### Assignment
Reproduce word for word, from the entries below, the line with "37 Midshipman St, South", the line with "SE3第3世代ミッドナイト 128GB simフリー", and every line between them, and nothing more.

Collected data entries
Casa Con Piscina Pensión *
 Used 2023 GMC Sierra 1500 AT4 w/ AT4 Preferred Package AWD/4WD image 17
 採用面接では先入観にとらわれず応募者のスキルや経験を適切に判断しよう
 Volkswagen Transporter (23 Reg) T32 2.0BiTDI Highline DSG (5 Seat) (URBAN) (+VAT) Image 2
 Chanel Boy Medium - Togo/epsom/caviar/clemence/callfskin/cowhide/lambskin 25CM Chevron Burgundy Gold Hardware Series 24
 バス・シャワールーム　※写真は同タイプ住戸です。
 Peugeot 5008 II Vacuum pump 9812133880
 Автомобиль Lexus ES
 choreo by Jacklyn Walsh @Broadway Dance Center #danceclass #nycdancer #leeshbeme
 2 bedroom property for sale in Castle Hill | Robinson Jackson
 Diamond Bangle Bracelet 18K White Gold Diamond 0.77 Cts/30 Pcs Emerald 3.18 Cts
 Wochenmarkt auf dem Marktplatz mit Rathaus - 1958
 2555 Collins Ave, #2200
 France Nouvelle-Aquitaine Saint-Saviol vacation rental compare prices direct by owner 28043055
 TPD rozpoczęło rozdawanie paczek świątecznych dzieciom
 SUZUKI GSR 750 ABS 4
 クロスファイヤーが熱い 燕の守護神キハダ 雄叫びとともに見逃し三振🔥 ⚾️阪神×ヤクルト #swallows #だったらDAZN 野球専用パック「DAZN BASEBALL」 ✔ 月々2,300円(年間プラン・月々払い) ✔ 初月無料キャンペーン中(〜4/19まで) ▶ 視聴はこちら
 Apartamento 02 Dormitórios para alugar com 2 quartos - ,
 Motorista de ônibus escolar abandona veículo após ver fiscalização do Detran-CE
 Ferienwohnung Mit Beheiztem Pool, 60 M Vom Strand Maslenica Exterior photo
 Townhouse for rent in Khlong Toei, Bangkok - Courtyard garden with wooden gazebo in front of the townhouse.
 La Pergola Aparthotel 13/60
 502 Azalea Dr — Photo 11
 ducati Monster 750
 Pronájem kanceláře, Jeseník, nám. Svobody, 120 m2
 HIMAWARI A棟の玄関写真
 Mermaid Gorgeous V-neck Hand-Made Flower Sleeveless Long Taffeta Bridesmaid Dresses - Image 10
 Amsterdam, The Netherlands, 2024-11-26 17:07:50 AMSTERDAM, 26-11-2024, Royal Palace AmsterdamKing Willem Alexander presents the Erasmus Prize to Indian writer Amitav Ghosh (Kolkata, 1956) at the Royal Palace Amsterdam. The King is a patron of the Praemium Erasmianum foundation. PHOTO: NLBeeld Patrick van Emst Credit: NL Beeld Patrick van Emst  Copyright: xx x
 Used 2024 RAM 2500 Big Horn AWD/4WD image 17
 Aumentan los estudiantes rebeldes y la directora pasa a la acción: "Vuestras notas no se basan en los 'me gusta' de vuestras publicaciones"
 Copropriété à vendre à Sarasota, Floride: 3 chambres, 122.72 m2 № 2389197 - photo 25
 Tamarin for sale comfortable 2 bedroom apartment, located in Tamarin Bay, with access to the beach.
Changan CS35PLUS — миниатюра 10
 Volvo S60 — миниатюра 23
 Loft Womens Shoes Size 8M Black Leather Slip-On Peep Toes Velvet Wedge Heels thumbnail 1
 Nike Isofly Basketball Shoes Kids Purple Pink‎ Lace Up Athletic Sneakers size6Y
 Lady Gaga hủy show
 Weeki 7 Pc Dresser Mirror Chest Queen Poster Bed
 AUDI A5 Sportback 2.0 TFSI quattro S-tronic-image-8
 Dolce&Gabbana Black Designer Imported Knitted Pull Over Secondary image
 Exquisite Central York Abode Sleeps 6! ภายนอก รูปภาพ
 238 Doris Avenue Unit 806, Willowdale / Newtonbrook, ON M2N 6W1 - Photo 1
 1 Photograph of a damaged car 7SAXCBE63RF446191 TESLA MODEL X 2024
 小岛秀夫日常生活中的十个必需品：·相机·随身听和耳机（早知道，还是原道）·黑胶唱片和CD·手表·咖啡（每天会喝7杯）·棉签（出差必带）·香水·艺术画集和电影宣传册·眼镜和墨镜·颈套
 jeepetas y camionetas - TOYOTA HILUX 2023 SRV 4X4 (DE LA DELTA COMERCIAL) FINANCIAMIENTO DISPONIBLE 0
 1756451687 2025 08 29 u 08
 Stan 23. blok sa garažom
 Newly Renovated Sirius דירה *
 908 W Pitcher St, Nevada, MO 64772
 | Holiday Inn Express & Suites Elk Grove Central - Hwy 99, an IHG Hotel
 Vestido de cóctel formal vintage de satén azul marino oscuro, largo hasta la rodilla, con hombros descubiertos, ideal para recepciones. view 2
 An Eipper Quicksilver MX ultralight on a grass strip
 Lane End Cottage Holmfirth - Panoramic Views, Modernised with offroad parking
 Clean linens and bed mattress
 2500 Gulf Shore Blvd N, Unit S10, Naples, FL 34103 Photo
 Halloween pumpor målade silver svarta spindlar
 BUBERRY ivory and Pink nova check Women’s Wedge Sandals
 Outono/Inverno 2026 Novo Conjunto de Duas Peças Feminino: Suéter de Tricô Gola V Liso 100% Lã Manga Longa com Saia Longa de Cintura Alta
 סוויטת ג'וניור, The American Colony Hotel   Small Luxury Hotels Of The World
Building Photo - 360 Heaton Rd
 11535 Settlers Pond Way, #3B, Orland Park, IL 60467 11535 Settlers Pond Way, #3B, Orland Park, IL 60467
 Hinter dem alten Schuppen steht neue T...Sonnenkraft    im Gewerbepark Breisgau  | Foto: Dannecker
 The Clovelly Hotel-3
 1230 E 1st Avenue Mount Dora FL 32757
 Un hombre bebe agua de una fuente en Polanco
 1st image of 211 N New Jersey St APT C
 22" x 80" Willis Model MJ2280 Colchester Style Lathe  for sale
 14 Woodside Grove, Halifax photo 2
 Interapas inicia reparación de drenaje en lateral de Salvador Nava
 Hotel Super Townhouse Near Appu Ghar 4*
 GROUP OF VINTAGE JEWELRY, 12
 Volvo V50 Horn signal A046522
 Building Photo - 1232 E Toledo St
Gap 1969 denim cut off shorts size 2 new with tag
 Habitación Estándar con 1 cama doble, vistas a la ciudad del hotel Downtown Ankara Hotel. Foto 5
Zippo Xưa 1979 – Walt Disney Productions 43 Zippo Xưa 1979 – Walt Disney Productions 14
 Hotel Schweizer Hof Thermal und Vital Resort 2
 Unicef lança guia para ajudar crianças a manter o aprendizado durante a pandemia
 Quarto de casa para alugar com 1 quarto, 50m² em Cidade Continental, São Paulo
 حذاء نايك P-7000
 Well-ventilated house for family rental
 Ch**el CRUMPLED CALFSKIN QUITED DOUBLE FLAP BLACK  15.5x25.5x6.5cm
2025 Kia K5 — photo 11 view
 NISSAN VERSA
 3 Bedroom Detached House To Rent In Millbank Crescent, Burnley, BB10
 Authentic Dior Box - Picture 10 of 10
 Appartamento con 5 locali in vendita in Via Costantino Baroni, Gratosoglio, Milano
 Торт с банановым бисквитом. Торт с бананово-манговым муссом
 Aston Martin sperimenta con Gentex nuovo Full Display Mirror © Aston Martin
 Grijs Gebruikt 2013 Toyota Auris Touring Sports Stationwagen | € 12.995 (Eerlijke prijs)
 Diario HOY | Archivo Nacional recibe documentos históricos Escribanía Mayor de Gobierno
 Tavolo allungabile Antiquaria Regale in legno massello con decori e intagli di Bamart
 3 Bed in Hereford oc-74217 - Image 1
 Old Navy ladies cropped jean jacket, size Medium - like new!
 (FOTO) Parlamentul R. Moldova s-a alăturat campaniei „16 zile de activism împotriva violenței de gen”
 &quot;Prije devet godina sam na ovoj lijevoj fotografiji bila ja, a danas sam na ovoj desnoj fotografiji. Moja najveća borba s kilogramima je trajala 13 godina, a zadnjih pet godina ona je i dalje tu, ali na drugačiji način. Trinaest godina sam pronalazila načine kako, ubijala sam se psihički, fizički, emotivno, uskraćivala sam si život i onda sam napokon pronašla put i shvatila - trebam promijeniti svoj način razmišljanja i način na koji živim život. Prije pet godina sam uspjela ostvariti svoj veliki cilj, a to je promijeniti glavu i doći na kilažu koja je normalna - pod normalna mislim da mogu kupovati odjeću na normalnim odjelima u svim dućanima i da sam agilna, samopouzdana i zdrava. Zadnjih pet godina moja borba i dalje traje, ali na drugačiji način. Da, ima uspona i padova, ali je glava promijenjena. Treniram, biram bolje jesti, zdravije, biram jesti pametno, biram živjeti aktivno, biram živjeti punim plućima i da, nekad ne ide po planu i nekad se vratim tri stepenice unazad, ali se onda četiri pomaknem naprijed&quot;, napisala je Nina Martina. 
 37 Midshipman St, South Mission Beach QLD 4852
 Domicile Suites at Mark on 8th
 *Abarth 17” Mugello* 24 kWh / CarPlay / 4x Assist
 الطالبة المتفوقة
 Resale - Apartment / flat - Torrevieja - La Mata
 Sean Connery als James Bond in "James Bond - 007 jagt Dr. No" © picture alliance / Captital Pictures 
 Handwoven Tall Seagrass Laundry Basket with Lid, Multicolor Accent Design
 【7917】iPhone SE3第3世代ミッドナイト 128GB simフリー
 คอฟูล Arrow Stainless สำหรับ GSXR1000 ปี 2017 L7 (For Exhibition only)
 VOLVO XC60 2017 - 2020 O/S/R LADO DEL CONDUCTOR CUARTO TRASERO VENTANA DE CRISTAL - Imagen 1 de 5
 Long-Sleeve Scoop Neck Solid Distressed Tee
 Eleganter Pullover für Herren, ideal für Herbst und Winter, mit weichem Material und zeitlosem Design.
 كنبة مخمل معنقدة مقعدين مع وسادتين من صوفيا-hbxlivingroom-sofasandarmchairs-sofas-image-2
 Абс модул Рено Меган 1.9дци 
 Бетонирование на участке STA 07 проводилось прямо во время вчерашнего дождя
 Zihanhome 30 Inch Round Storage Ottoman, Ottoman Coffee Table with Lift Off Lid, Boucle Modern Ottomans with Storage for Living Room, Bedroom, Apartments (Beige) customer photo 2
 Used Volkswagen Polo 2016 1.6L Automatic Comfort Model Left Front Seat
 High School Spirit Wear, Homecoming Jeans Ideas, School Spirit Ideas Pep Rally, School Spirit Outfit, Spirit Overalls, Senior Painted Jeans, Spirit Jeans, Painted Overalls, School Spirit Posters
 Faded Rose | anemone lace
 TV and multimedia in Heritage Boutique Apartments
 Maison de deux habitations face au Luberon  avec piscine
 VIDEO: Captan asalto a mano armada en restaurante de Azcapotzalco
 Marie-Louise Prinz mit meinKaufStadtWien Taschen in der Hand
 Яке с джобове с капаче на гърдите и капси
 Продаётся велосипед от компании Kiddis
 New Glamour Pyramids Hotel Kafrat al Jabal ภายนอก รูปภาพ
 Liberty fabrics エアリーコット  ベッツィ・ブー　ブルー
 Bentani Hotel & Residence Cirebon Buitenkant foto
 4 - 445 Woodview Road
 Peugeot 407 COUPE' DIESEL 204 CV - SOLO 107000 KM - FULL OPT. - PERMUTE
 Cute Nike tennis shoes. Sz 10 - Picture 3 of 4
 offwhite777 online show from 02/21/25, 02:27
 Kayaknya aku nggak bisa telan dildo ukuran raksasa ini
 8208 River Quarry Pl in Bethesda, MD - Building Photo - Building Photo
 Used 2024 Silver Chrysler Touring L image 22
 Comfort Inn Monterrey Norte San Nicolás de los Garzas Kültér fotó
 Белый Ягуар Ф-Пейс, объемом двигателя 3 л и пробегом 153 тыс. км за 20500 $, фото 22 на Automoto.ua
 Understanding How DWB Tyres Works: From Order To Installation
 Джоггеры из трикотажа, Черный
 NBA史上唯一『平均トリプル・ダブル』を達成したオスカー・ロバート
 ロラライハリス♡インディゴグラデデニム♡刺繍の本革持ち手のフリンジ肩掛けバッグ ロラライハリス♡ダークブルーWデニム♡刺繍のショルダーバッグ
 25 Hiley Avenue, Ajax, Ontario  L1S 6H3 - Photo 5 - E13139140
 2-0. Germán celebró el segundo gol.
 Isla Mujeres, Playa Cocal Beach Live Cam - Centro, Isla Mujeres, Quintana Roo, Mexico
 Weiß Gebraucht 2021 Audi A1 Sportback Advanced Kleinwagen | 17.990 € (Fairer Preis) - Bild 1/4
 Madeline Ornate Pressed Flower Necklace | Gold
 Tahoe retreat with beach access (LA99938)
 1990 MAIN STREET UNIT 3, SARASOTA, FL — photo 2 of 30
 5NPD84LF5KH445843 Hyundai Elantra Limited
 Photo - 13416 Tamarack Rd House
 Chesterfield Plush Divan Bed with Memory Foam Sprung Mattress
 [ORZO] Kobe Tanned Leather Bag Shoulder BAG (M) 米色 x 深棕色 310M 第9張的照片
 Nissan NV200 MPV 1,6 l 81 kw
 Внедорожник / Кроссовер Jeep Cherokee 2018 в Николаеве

### Result
 37 Midshipman St, South Mission Beach QLD 4852
 Domicile Suites at Mark on 8th
 *Abarth 17” Mugello* 24 kWh / CarPlay / 4x Assist
 الطالبة المتفوقة
 Resale - Apartment / flat - Torrevieja - La Mata
 Sean Connery als James Bond in "James Bond - 007 jagt Dr. No" © picture alliance / Captital Pictures 
 Handwoven Tall Seagrass Laundry Basket with Lid, Multicolor Accent Design
 【7917】iPhone SE3第3世代ミッドナイト 128GB simフリー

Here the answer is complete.